- Coordinates: 33°43′S 116°10′E﻿ / ﻿33.72°S 116.16°E
- Country: Australia
- State: Western Australia
- LGA: Shire of Donnybrook–Balingup;
- Location: 196 km (122 mi) from Perth; 64 km (40 mi) from Bunbury; 32 km (20 mi) from Donnybrook;

Government
- • State electorate: Collie-Preston;
- • Federal division: Forrest;

Area
- • Total: 178 km^{2} (69 sq mi)

Population
- • Total: 18 (SAL 2021)
- Postcode: 6243
Localities around Wilga West
| Noggerup | Noggerup | Wilga |
| Grimwade | Wilga West | Wilga |
| Balingup | Catterick | Benjinup |

= Wilga West, Western Australia =

Locality in the Shire of Donnybrook–Balingup, Western Australia

Wilga West is a rural, heavily forested locality of the Shire of Donnybrook–Balingup in the South West region of Western Australia.
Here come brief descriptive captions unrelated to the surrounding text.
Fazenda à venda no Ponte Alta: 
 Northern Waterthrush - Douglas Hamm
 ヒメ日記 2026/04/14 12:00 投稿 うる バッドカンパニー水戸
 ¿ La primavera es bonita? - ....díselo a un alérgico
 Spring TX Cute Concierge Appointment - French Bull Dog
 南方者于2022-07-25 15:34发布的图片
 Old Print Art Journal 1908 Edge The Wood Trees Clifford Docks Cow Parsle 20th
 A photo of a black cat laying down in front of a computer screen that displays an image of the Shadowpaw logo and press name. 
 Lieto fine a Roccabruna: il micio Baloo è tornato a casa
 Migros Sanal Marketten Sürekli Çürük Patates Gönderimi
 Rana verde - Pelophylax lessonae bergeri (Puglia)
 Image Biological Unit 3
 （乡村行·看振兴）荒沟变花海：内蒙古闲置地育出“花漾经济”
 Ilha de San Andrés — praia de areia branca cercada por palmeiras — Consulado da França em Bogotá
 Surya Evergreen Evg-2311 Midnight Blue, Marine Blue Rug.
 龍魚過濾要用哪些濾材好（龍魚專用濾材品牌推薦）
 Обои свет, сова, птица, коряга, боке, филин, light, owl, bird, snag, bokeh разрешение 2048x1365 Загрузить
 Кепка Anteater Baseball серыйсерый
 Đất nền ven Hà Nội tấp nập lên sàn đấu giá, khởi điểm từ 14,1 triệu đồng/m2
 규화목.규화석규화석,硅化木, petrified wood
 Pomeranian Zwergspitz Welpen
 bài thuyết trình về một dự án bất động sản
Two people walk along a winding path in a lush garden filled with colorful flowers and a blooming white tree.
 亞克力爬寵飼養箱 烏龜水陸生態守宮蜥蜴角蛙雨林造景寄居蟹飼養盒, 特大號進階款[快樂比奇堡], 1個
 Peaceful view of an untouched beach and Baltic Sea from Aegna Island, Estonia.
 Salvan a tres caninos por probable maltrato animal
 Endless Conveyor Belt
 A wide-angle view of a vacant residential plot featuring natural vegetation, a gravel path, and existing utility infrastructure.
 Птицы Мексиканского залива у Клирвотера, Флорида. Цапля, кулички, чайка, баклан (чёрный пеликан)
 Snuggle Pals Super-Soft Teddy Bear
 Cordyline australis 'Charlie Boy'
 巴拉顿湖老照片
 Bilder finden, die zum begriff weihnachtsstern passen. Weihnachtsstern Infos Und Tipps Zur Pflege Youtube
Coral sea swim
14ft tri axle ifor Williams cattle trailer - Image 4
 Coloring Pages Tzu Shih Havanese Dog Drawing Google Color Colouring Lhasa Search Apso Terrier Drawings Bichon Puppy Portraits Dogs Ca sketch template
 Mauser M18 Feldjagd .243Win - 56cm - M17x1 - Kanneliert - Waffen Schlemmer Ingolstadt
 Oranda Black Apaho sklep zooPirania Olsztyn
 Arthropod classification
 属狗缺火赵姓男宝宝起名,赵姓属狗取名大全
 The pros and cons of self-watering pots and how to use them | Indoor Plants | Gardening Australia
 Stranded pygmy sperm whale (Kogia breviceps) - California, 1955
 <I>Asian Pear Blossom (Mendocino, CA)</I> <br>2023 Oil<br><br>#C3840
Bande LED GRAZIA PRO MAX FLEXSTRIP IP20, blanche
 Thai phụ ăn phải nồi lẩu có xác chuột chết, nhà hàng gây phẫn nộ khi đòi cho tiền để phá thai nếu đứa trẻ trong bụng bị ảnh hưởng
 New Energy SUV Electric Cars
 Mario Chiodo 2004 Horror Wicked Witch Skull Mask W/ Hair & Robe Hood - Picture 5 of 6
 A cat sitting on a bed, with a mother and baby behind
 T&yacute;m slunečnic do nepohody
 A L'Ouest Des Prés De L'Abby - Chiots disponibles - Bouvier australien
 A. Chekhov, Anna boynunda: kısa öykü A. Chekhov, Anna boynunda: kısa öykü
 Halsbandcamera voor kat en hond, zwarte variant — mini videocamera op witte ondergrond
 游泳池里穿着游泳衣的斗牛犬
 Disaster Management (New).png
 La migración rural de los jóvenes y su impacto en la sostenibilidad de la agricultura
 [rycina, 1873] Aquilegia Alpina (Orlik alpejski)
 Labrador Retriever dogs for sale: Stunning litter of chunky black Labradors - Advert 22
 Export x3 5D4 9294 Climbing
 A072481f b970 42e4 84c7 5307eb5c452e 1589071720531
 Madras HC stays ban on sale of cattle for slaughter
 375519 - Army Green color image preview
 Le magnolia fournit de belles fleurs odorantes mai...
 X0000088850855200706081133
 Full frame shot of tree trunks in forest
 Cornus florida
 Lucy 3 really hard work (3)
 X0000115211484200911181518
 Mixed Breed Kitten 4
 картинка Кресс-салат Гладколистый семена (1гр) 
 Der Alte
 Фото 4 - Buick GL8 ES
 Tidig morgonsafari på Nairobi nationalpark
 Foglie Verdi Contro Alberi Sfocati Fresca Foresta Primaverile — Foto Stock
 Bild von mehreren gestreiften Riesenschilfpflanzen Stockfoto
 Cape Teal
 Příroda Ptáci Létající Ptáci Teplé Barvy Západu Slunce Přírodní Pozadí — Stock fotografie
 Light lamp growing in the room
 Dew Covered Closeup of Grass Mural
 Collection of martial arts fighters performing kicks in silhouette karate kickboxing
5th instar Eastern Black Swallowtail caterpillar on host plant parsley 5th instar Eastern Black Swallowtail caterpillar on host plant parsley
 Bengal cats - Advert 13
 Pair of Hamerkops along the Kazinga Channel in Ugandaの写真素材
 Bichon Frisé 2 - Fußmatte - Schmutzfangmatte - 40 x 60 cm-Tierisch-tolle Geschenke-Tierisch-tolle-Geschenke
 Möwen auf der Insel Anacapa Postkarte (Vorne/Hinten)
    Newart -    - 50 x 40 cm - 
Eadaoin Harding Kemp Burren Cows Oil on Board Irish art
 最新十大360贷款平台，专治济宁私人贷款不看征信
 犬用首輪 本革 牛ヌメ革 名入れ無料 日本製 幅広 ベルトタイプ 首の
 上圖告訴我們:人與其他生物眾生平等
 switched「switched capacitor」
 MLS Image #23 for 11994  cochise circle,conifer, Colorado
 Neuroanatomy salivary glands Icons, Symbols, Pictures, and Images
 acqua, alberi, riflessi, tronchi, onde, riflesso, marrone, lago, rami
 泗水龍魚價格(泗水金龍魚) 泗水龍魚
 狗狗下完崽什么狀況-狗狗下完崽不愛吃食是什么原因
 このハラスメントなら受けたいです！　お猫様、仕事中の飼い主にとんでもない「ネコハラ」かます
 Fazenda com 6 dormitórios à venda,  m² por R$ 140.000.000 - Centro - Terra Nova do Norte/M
The town of Wilga, located east of the locality, was established as a railway siding in 1909 and gazetted as a town in 1915. The name Wilga is of Aboriginal origin and may come from the near-by Wilgee Spring. Wilgee is the name for the red ochre worn for ceremonies.

Wilga West and the Shire of Donnybrook–Balingup are located on the traditional land of the Wardandi people of the Noongar nation.